● **Provided records**:
_ _ _
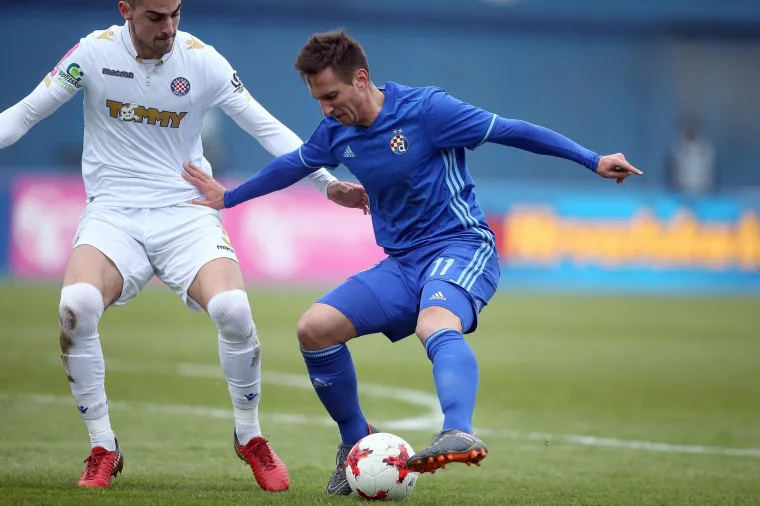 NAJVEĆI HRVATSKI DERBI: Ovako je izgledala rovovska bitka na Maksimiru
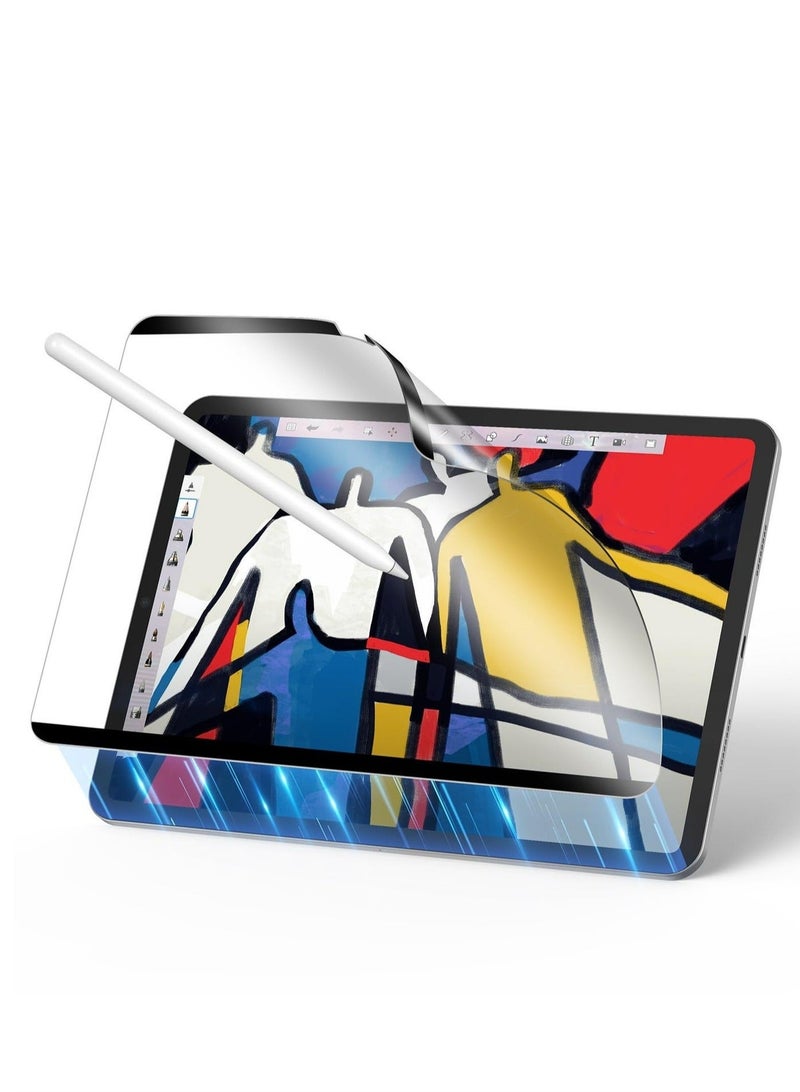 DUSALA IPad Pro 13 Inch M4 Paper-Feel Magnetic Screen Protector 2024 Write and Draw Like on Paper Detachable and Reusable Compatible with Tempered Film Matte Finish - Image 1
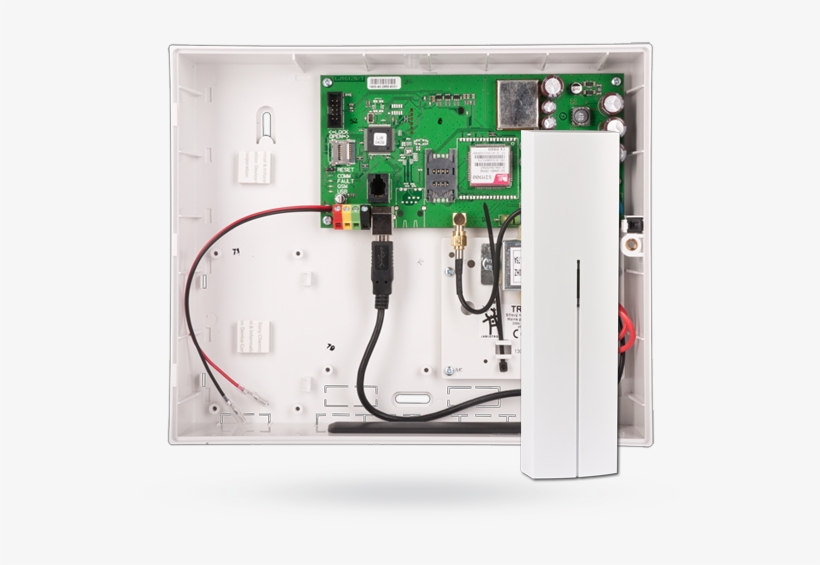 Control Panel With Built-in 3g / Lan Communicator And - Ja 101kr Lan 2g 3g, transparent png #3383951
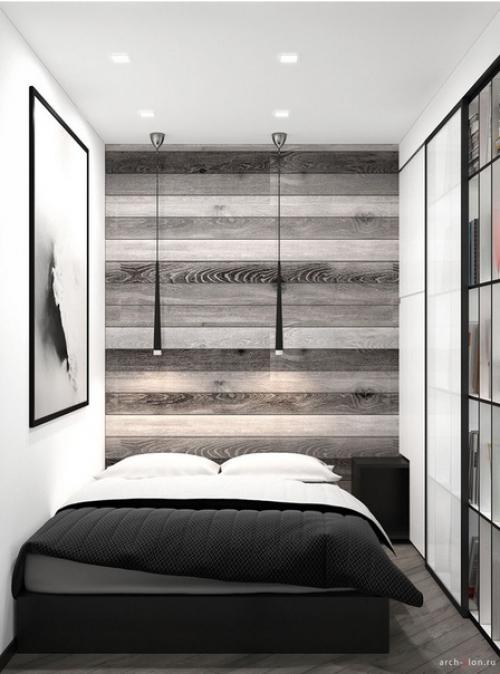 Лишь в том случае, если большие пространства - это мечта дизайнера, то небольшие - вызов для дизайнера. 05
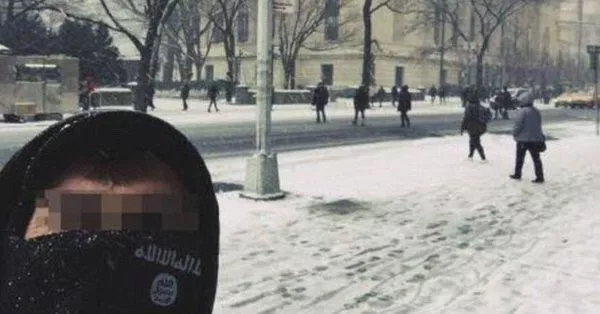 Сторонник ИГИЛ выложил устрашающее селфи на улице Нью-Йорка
_ _ _
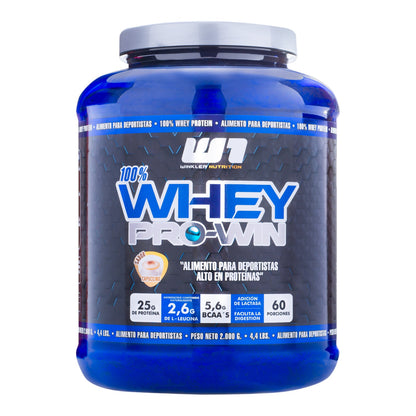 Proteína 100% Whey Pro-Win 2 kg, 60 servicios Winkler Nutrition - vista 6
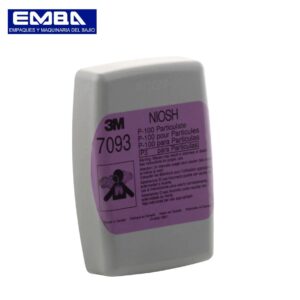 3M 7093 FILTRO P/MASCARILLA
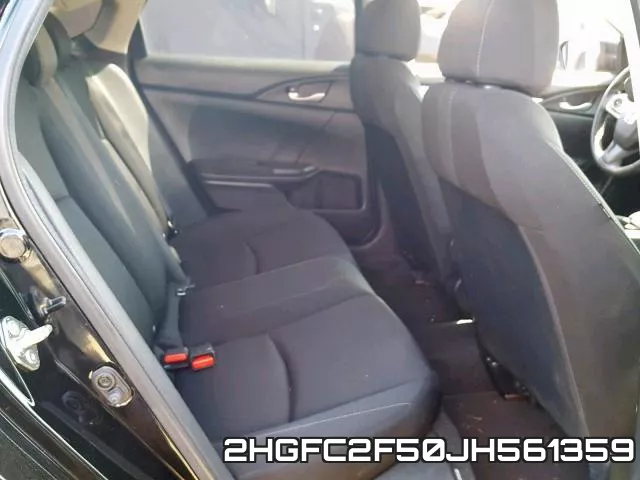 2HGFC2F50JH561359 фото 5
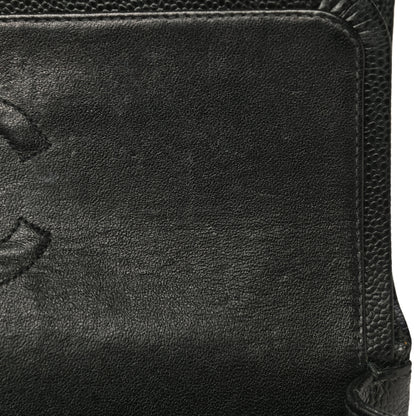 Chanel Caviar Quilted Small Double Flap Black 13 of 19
_ _ _
● **Task to carry out**:
The copy should hold only the lines from the one with "DUSALA IPad Pro" through the one with "Сторонник ИГИЛ выложил", exactly as they stand above. Leave out the pictures.

● **Worked solution**:
 DUSALA IPad Pro 13 Inch M4 Paper-Feel Magnetic Screen Protector 2024 Write and Draw Like on Paper Detachable and Reusable Compatible with Tempered Film Matte Finish - Image 1
 Control Panel With Built-in 3g / Lan Communicator And - Ja 101kr Lan 2g 3g, transparent png #3383951
 Лишь в том случае, если большие пространства - это мечта дизайнера, то небольшие - вызов для дизайнера. 05
 Сторонник ИГИЛ выложил устрашающее селфи на улице Нью-Йорка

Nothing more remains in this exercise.